How to get around in Auckland, New Zealand
Auckland is a sprawling city, stretching around 100km from north to south. Yes, it’s narrow, positioned on an isthmus squeezed between the Pacific Ocean and the Tasman Sea, but travelling distances are vast if you’re trying to get anywhere at all.
Low population density and a general propensity to drive has meant that Auckland’s public transport system isn’t the best example of its kind. Buses run infrequently and not very punctually, and the train lines are limited to a few suburbs.
However, it is possible to get around in Auckland, regardless of how long you’re staying for, and in some cases you even have options.
Motor transport is far and away the best way to get around Auckland, and if you’re planning further travel in New Zealand, you should definitely get your hands on one. Car hire prices are reasonable, but you’re better off buying a car when you arrive then selling it when you leave. Try the Backpackers Car Fair, look for notices in your hostel, or look online on Trademe or Gumtree. A Spaceship campervan is also a great option – it drives like a car but you can also sleep in it.
Parking can be an issue in the central city, just like in most major cities, but parking buildings usually have spaces available. Be aware that parking wardens patrol the streets with a vengeance and spending even five minutes more than the signed time limit could yield you a parking fine.
The bus network in Auckland is quite extensive, but the buses run infrequently. Use the Maxx website to plan your journey; you’ll also be able to find an indication of prices as well – they generally range between $2 and $4. You can buy your tickets on the bus from the driver (in cash, make sure you have change), who can also sell you a daily pass. Monthly passes are available from selected outlets – Auckland’s transport hub, Britomart Transport Centre, being the most logical place to start. A new tag-on, tag-off system is currently being introduced, which should hopefully cut down on the time it takes to get on to the bus.
There’s a tourist bus which allows you to hop on and hop off to visit the major landmarks of Auckland – don’t bother with it. Get a daily pass and work out your own route; many of the attractions are along the east coast bays waterfront which is easy to get to by public bus.
Over the last few years, track extensions and infrastructure improvements has made taking the train a viable option for many. The trains aren’t as frequent as they could be, and only run to a few suburbs, but if you’re staying near a station it could be a good option. The carriages tend to be clean and comfortable, though quite packed at rush times, and you can buy your ticket from a conductor on board – you have the option of a single-ride ticket or a 10-ride pass. The conductor will clip your ticket to show it has been used.

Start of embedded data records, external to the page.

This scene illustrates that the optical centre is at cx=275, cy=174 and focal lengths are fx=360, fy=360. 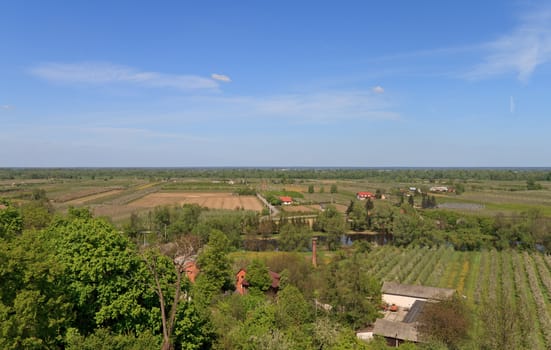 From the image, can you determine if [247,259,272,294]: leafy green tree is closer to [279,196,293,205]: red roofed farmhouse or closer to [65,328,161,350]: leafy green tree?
[65,328,161,350]: leafy green tree

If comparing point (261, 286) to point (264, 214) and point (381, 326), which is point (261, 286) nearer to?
point (381, 326)

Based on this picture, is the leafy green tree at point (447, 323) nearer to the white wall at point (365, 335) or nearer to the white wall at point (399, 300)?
the white wall at point (365, 335)

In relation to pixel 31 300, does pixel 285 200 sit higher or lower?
lower

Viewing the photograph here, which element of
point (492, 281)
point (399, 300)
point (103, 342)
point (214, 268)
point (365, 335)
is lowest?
point (492, 281)

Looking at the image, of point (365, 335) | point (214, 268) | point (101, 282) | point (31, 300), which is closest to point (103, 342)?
point (31, 300)

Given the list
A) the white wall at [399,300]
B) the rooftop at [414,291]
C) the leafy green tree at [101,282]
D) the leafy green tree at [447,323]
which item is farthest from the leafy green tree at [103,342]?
the rooftop at [414,291]

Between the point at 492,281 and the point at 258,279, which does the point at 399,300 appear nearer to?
the point at 258,279

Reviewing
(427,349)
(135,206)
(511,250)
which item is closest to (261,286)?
(427,349)

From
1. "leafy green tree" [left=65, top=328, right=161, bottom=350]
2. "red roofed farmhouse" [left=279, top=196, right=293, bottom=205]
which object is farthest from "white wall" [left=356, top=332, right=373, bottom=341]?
"red roofed farmhouse" [left=279, top=196, right=293, bottom=205] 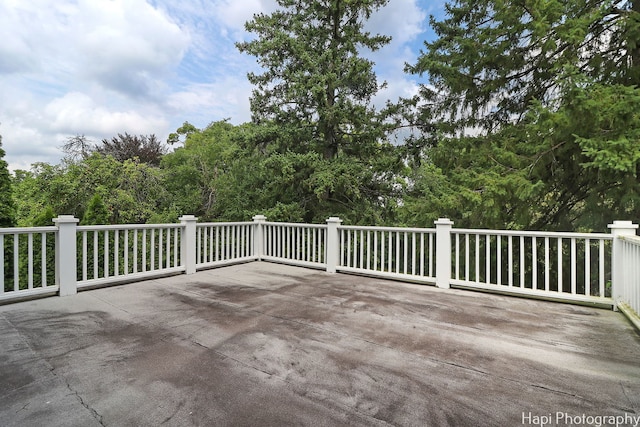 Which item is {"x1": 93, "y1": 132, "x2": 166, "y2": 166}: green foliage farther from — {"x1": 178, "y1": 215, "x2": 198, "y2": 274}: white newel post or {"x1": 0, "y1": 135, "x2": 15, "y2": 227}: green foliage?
{"x1": 178, "y1": 215, "x2": 198, "y2": 274}: white newel post

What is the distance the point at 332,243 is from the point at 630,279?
143 inches

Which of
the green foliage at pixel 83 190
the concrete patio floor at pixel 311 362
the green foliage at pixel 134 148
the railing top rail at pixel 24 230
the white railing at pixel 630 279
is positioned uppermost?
the green foliage at pixel 134 148

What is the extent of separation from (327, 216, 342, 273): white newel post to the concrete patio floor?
1.66 m

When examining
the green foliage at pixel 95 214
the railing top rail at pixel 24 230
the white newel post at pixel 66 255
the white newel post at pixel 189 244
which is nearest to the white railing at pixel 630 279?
the white newel post at pixel 189 244

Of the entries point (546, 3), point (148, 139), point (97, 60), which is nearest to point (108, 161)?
point (97, 60)

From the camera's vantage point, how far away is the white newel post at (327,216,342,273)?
17.6 ft

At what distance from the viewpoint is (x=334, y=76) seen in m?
8.08

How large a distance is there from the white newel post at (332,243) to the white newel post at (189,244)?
2.22 metres

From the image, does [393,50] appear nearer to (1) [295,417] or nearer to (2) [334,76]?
(2) [334,76]

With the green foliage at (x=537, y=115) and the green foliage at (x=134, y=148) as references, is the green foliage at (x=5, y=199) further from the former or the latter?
the green foliage at (x=537, y=115)

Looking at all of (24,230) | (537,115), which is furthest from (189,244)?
(537,115)

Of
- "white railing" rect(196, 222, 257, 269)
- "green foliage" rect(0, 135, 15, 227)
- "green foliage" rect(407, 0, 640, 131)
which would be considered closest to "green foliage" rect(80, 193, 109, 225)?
"green foliage" rect(0, 135, 15, 227)

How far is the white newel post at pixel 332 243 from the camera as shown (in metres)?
5.38

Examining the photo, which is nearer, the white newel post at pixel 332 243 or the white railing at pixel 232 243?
the white newel post at pixel 332 243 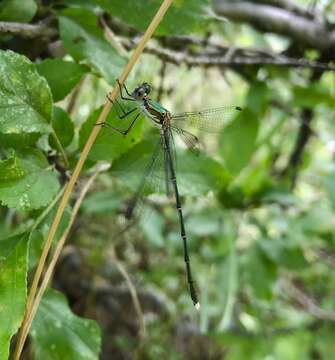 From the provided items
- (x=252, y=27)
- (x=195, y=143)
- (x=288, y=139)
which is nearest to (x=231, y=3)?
(x=252, y=27)

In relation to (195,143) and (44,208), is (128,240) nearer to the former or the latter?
(195,143)

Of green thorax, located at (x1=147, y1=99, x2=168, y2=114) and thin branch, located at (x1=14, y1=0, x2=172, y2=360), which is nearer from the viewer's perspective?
thin branch, located at (x1=14, y1=0, x2=172, y2=360)

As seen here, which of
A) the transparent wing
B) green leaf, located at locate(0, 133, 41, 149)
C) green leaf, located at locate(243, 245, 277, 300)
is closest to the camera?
green leaf, located at locate(0, 133, 41, 149)

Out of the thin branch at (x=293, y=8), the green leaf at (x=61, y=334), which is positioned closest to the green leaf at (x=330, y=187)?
the thin branch at (x=293, y=8)

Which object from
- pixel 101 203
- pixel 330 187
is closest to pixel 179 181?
pixel 101 203

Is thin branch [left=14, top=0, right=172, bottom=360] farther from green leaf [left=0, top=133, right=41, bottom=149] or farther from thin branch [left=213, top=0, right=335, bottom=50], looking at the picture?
thin branch [left=213, top=0, right=335, bottom=50]

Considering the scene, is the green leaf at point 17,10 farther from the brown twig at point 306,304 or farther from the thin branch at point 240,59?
the brown twig at point 306,304

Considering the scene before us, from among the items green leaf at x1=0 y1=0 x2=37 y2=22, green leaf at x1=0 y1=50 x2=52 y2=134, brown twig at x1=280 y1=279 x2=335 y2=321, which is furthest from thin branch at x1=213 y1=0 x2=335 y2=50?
brown twig at x1=280 y1=279 x2=335 y2=321

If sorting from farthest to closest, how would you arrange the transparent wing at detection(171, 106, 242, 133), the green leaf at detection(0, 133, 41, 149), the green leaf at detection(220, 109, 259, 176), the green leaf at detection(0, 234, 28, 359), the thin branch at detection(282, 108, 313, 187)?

Auckland’s location on the Waitemata Harbour makes water an ever-present factor. If you’re staying on the North Shore and need to get into the city (or vice versa) the Harbour Bridge makes the road journey quick and efficient. But there’s also a water route: a 15-minute ferry from Devonport to the central city. Find times and prices (about $6 each way) at http://maxx.co.nz.
Ferry’s your only (affordable) option for getting to the islands of Rangitoto and Waiheke. Rangitoto, an Auckland landmark, is visible from all of the east coast beaches and most of the ones on the north shore. It’s a volcanic island that’s worth visiting for a hike and a picnic.
Waiheke’s also great for a day-trip or overnight trip, the 45-minute ferry costs $19. If you want to take a car across (and that’s not a bad idea) you’ll need to drive to Half Moon Bay and catch the Sealink ferry; your other option is Fullers from the city. The buses on Waiheke are very infrequent and are independent from the network in the rest of Auckland; you can’t use a daily or monthly pass on these buses.
Buy your ferry tickets from the kiosk before you board; if you’re leaving from the city your ticket will be checked there, and will also be checked there on your return.
5. Walk or cycle
Auckland’s city centre is compact, you can see a lot of it on foot; the nearby suburbs of Parnell and Ponsonby are also walkable. If you get tired, a free bus runs a circle route through the centre of town.
Cyclists can use bus lanes and there are dedicated cycle lanes around the waterfront. You can’t cycle or travel by scooter across the Harbour Bridge though, so keep that in mind while planning route.
Auckland may not be the easiest city to get around, but the transport systems are definitely showing an improvement. Plus, some of the journeys are positively scenic – definitely worth a $4 pricetag.